Dossier : IMM-2784-05

Référence : 2005 CF 1575

Ottawa (Ontario), le lundi 21 novembre 2005

EN PRÉSENCE DE MADAME LA JUGE SNIDER

ENTRE :

                                                                  GUI YING XU

                                                                                                                                    demanderesse

                                                                          - et -

                     LE MINISTRE DE LA CITOYENNETÉ ET DE L'IMMIGRATION

                                                                                                                                           défendeur

                                MOTIFS DE L'ORDONNANCE ET ORDONNANCE


[1]                La demanderesse est une résidente permanente du Canada qui souhaite parrainer sa fille.
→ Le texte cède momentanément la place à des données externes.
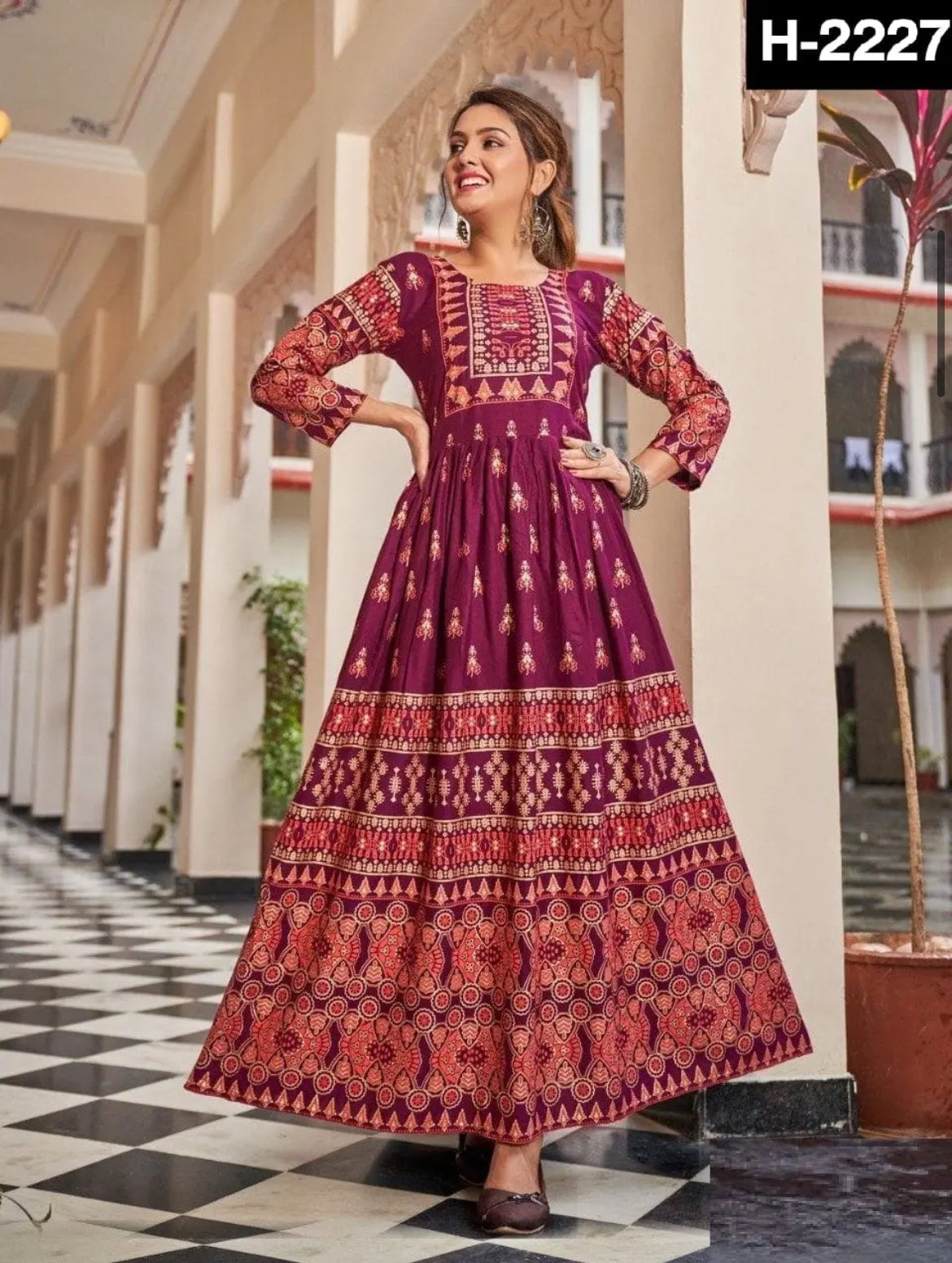 Rayon Anarkali Gown style Kurti with prints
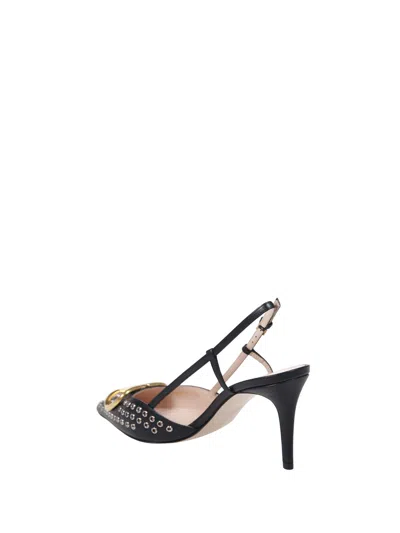 Valentino Pointed Toe Slingback Pumps Featuring Studs In Black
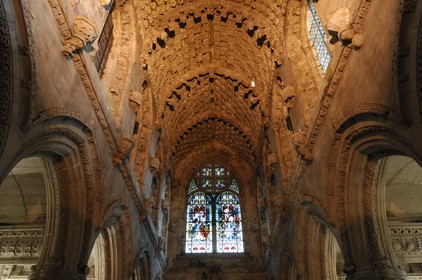 Royaume-Uni, Ecosse, Midlothian, Roslin, la Chapelle Rosslyn, le plafond sculpté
La demande de parrainage a été refusée par une décision datée du 11 janvier 2005 pour le motif que la demanderesse n'avait pas déclaré sa fille dans la demande de résidence permanente qu'elle avait présentée au Canada, comme l'exige l'alinéa 117(9)d) du Règlement sur l'immigration et la protection des réfugiés, DORS/2002-227 (le Règlement). Comme l'autorise le paragraphe 63(1) de la Loi sur l'immigration et la protection des réfugiés, L.C. 2001, ch. 27 (LIPR), la demanderesse a interjeté appel devant la Commission de l'immigration et du statut de réfugié, Section d'appel de l'immigration (SAI), en déposant un avis d'appel - appel en matière de parrainage, auprès de la SAI le 3 février 2005.

[2]                La demanderesse a été informée, par une lettre datée du 28 février 2005, de la procédure à suivre à l'égard de son appel. Cette lettre fait l'objet d'une analyse approfondie à partir du paragraphe 14 des présents motifs.

[3]                Le 3 mars 2005, l'avocat de la demanderesse a écrit à la SAI pour l'informer que l'appel serait fondé [traduction] « sur des motifs juridiques, notamment sur l'allégation selon laquelle l'alinéa 117(9)d) est inconstitutionnel et a été appliqué à la demanderesse selon une procédure inéquitable » . Dans la lettre, l'avocat demandait que le dossier du tribunal lui soit communiqué avant de présenter ses arguments. Il semble qu'il ait également demandé que la SAI tienne une audience. La SAI n'a pas donné suite à ses demandes. Dans une décision datée du 20 avril 2005, elle a rejeté l'appel pour le motif que la personne parrainée ne faisait pas partie de la catégorie du regroupement familial.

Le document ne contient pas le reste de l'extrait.